The reforms would have brought the nation in line with international standards, and abolished special treatment for multinational companies. However, its recent referendum saw the public reject these changes, with 59.1 per cent of the vote.

Switzerland’s Finance Minister Ueli Maurer has said it means that the country will no longer meet its pledge to get rid of special privileges by 2019.

The defeat, by a significantly larger margin than opinion polls had suggested, could be a big hit to business lobbyists in Switzerland, while important trading partners could also act against the decision.

Mr Maurer and other financial experts are worried that the rejection of corporate tax reforms will mean that companies will no longer look favourably on Switzerland. The move makes the business landscape in the country unclear, and firms may be uneasy about investing in Switzerland in favour of  countries that are more fixed on business taxes.  How the government will compensate for the rejection of its reforms is unclear and, as it could be detrimental for some, firms may instead chose to withdraw from the Swiss market.

The referendum was triggered after the country came under great pressure from other nations to get rid of its special tax breaks for multinationals, which make it a haven for many large companies.

Switzerland could reduce tax rates for firms across the board, but the public may be concerned that this would strain the country's finances and increase the burden on taxpayers. The vote now puts one of the world's most affluent countries in a delicate position, as immigration quotas are already straining its relationship with the EU.

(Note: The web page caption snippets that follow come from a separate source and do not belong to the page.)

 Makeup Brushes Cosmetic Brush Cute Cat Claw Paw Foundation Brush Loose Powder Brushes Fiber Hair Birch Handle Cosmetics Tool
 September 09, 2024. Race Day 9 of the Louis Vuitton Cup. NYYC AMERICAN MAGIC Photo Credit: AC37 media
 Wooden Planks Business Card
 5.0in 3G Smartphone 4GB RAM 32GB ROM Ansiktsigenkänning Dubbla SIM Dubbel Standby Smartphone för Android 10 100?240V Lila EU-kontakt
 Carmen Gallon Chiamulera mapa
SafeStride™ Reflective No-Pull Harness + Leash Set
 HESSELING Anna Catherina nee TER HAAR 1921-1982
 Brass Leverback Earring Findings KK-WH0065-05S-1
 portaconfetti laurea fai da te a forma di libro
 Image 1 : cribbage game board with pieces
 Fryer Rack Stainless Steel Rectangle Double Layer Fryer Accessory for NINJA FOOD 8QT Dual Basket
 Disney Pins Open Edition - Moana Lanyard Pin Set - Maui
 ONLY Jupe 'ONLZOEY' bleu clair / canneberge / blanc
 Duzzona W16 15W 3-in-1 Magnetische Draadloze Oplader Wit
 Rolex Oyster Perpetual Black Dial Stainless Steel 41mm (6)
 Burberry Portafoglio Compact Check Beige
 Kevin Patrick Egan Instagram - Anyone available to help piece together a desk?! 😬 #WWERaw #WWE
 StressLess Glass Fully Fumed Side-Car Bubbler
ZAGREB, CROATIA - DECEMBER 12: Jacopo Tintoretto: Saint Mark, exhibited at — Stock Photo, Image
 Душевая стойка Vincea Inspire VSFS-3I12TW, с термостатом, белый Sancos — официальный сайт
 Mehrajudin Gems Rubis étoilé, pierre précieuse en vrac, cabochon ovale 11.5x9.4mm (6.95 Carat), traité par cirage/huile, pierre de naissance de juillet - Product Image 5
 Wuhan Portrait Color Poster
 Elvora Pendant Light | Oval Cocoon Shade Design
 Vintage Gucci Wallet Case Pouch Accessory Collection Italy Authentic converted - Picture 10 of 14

‘There’s the danger that Switzerland disappears somewhat from the radar of international companies’, Mr Maurer told the press after the vote result was announced. He added that the shortfalls in tax revenue were a real danger and there was the risk of jobs being moved away from Switzerland.

It's now up to the Swiss government to come up with a new way to keep the country competitive, but make sure it still meets international standards. This process could take years and, in the meantime, other countries may change their tax policies to ensure they are a competitive place to do business.

The UK has recently announced a corporation tax cut to take it down to 19 per cent, while President Trump proposed reducing the business levy from 35 per cent to just 15 per cent. In this climate, Switzerland must come up with an attractive corporation tax system quickly – one that doesn't significantly favour multinationals – if it wants to give companies stability for the future.